The lamp is currently only one size meaning it may not fit your particular requirements. It uses Bluetooth to communicate with the app as well as some home automation hub with Apple’s HomeKit rumoured to be integrated in the coming year.
Mayfield Robotics: Kuri
“To be a real, live robot”, that’s what the rep said to me when I asked exactly what was Kuri for. Kuri is a companion for your home. It’s function is to be a part of your family and at this moment seems skewed more towards being a toy than anything else.
That said the tech is very impressive and there’s no argument from me as to whether or not the little robot is cute. They’ve done an incredible job putting emotion into it.

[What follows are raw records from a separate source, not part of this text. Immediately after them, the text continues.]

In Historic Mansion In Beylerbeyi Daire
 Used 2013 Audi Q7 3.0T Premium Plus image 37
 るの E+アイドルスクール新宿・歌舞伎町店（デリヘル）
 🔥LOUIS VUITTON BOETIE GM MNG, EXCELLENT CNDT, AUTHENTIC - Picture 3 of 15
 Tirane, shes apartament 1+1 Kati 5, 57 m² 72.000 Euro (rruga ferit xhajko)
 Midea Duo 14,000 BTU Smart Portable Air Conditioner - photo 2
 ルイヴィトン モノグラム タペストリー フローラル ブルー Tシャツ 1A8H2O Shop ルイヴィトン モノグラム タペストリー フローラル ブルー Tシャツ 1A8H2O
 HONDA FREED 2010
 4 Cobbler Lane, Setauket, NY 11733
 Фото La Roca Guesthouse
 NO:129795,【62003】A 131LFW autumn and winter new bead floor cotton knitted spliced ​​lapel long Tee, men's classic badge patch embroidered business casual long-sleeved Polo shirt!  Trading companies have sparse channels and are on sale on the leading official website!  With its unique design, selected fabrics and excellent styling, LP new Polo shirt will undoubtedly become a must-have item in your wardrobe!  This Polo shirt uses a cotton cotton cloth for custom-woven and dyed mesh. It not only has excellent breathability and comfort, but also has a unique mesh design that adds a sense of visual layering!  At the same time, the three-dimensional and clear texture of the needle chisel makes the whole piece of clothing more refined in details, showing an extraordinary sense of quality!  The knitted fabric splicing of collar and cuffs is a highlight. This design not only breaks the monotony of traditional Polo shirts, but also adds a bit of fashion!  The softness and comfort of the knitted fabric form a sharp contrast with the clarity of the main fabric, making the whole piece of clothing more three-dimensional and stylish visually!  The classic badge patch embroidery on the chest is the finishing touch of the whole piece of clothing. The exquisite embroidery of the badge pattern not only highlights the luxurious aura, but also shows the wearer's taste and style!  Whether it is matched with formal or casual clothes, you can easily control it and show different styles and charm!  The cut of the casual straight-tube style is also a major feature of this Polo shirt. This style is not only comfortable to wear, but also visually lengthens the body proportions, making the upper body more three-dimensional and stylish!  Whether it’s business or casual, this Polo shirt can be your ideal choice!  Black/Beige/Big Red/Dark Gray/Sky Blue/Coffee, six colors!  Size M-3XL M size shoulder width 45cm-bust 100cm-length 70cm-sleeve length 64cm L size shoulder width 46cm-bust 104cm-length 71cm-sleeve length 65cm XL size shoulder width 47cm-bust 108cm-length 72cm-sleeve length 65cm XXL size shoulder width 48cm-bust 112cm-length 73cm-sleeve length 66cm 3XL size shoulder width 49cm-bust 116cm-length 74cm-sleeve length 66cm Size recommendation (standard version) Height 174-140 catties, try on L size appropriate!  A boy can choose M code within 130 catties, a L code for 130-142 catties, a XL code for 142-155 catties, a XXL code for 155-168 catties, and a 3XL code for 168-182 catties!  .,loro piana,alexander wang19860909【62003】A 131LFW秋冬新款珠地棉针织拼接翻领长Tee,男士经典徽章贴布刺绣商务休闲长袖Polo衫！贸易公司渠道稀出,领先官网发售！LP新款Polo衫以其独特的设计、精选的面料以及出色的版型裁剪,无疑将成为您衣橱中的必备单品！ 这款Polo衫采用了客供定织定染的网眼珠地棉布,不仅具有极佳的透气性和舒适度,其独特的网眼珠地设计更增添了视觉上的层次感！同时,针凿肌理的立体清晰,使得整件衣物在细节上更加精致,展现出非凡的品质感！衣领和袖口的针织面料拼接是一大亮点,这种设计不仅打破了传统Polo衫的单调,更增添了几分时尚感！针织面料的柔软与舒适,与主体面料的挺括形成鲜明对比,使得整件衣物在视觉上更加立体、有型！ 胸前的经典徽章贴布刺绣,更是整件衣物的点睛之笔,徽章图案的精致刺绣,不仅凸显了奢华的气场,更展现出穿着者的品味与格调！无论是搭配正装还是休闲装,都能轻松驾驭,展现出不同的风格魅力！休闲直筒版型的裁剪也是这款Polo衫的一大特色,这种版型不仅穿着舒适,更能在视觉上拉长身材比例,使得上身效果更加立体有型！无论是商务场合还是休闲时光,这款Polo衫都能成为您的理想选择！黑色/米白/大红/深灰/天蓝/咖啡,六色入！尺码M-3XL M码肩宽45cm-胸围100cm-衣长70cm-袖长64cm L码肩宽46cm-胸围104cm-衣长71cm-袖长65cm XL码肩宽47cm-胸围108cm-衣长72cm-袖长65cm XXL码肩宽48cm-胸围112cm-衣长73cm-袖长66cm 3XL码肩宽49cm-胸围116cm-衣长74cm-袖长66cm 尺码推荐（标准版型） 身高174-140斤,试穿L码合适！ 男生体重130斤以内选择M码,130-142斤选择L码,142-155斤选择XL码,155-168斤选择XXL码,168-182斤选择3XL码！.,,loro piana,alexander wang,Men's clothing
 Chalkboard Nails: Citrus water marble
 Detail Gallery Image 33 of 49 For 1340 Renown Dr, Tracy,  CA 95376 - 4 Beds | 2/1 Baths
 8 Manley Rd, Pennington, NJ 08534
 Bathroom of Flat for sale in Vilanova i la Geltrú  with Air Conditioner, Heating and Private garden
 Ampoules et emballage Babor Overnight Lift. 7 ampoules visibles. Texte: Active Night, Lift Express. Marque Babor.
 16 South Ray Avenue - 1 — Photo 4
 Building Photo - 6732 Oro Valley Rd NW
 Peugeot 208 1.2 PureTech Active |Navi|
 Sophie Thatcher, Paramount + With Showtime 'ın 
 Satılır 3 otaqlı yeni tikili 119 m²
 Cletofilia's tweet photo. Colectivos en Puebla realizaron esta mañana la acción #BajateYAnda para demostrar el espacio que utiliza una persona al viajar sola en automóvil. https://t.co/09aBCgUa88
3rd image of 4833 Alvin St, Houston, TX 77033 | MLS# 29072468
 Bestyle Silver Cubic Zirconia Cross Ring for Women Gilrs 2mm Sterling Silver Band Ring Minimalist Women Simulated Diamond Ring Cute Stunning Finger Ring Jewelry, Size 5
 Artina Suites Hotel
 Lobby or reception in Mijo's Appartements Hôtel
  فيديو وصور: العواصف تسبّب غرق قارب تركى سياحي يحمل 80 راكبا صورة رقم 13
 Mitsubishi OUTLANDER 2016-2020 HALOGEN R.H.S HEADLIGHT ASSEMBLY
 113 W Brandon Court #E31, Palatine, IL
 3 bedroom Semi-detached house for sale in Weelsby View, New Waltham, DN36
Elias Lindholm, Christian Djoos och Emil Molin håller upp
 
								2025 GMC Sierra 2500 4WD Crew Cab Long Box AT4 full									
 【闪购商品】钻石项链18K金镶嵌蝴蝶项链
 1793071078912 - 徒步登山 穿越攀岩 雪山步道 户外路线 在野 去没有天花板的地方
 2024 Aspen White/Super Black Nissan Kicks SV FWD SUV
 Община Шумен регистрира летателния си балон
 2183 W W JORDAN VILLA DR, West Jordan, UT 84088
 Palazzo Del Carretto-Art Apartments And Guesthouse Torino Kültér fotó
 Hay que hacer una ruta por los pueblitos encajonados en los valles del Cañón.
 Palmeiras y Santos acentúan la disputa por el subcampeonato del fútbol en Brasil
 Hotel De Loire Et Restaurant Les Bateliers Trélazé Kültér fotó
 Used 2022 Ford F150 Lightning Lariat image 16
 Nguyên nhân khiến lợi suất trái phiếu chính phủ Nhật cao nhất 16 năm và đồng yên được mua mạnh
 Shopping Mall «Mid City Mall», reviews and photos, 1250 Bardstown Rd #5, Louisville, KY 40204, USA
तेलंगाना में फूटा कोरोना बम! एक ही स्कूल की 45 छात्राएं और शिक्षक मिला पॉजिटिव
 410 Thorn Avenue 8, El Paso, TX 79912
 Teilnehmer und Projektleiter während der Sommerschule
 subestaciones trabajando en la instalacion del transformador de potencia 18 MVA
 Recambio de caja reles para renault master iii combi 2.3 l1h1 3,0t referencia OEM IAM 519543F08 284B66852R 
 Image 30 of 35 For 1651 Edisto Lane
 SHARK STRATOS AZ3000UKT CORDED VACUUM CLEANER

Kuri isn’t releasing until late in 2017 and is limited by a two hour battery life but is smart enough to return to its charging station when in need of a top up.
No smart home integration renders the robot relatively useless in acting as a voice hub like an Amazon Echo or Google Home but it does have IFTTT integration.
Sevenhugs: Smart Remote
The search for the ultimate universal remote continues with a new player from Sevenhugs. The ”Smart Remote” works by changing its LCD UI based on what you point it at. Point it towards a Philips Hue bulb, options for brightness and colour appear, point it towards your Sonos speaker, music & volume controls take over. It’s really impressive to see in action.
It knows what it’s pointing at based on a map of the products in your home that you’ve identified via their iPhone/Android app. The remote keeps a track of the devices positions courtesy of three spacial mapping sensors you place around the room. They’re relatively small and stick onto the wall without looking conspicuous like the Vive’s lighthouse boxes for example.
When there’s a mass of devices together, say for instance a media cabinet which houses your TV, an amp/receiver and a cable box, the remote will offer icons at the top of it that you can swipe between to select the right device you want to control.
The remote also offers “scenes” that allow you to program a series of events on multiple devices to perform. A scene to “Watch a Movie” for example which might dim lights, increase volume and close your blinds.
A starter kit, which includes the remote and a set of three sensors, is currently available for pre-order for US$299. The remote boasts a compatibility with some 25,000 devices including Apple TV, PlayStation consoles and your regular TVs, cable boxes and receivers.
The Unicorn is the new bike from Kickstarter aficionados Speed X whom launched their first bike (the Leopard) on there last year. The Unicorn is the next step introducing a new bike computer with touch controls, included power meter and a vibration control system that allows the seat post to bend absorbing vibration in your ride.
Netgear Nighthawk X10 R9000
The size of a small child this router looks like it could provide coverage to half the world and then some. It’s one fo the first with 802.11ad as well as being able to run as a Plex Media Server via USB connected storage. Only issue, it’s expensive as fuck.
I couldn’t leave without mentioning a couple of the stranger things I saw at the event too. Of course there was some hair regrowth tech via a very fashionable series of lights attached to the inside of a headband. Snake oil it appears is still alive and well.
Another interesting one was a ”cloud connected hearing aid” something that at first glance I had no idea why or what function that could possibly serve other than launching a DDoS attack from someone’s ear canal but then perhaps it allows for firmware updates? I still found it strange.
Lastly, VR haptic feedback shoes. These things looked ridiculous and have no real point. I didn’t stop long enough to even ask for a single application. Can you think of one?